The IDA recently published a very ambitious new strategy; Driving Recovery & Sustainable Growth for 2021-2024 Strategy. The strategy is built on ‘five pillars’ that the IDA believe will be key to the success of the Irish economy - Growth, Transformation, Regions, Sustainability and Impact. Damien Flanagan of our R&D incentives practice discusses the strategy below.
Among its objectives, the IDA has targeted:
Corporation tax developments will undoubtedly impact upon the global environment for FDI. Ireland has an attractive R&D Tax Credit (“RDTC”) rate at 25% for large companies, one of the most competitive rates internationally. A combination of direct grant support coupled with R&D tax credits will be integral to attracting new business to Ireland while also encouraging further expansion from existing international clients.
Coincidentally perhaps, the Department of Business, Enterprise and Innovation published the “Research and Development (R&D) Budget 2019 – 2020” report on 20th January. Government expenditure on R&D now stands at €869m for 2020. Interestingly, in 2009 it was €890m so we are still behind the high-water mark.
In his press release that accompanied the publication of the R&D Budget report, the Tánaiste and Minister for Minister for Enterprise, Trade and Employment, Leo Varadkar said "R&D is a really important driver of competitiveness, productivity and economic growth. We invest now and reap the rewards in terms of jobs and new technology in the future…… We will continue to give R&D funding priority in years to come." Minister for Further and Higher Education, Research, Innovation and Science, Simon Harris said: "We have made progress in the last two years, but we know we must do more. Ireland can become a global innovation leader……”

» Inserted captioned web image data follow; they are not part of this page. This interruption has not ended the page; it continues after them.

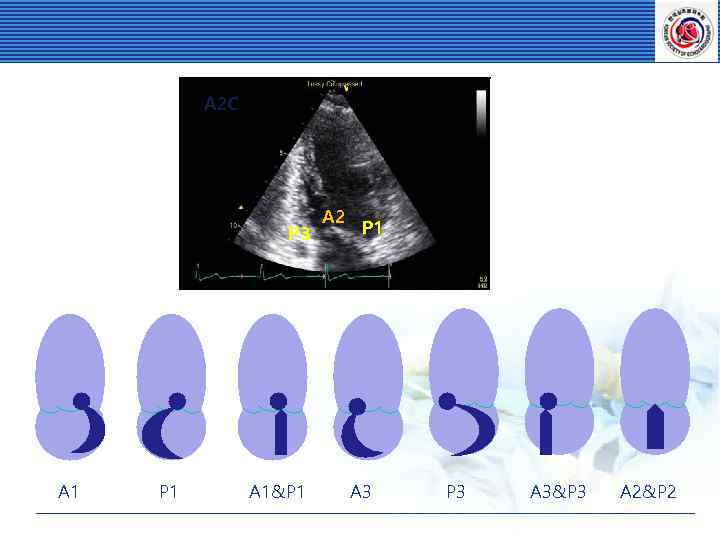 A 2 C P 3 A 1 P 1 A 1&P 1 A 2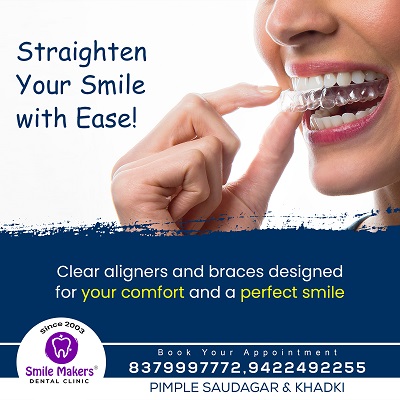 Best Dental Clinic in Pimple Saudagar |

Streng... main image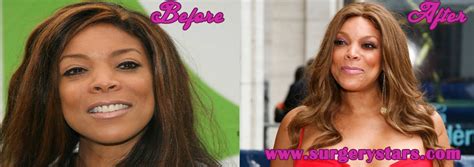 Wendy Williams Plastic Surgery Before And After Shoots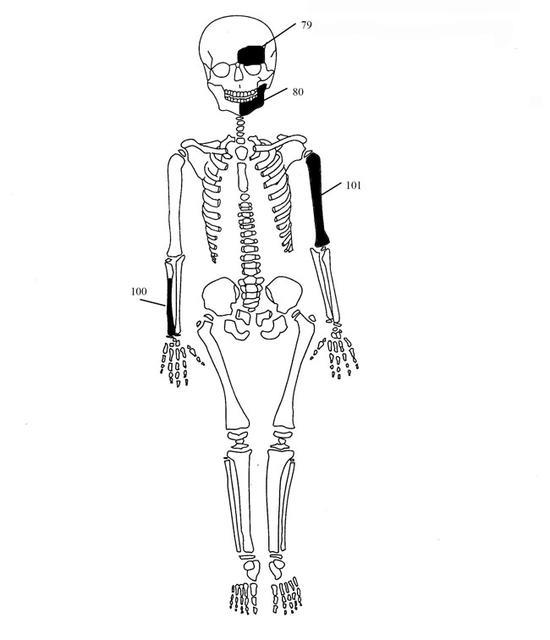 skeletos1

Government expenditure on R&D as a percentage of total Government expenditure has been hovering around 1% since 2011, but has decreased slightly each year. In 2019 it was 0.92%, which although a small % change, is a significant quantum is real terms. This indicates that there has been no real additional investment in Government expenditure in R&D over the last 10 years. In this context, we welcome what Ministers Leo Varadkar and Simon Harris have said.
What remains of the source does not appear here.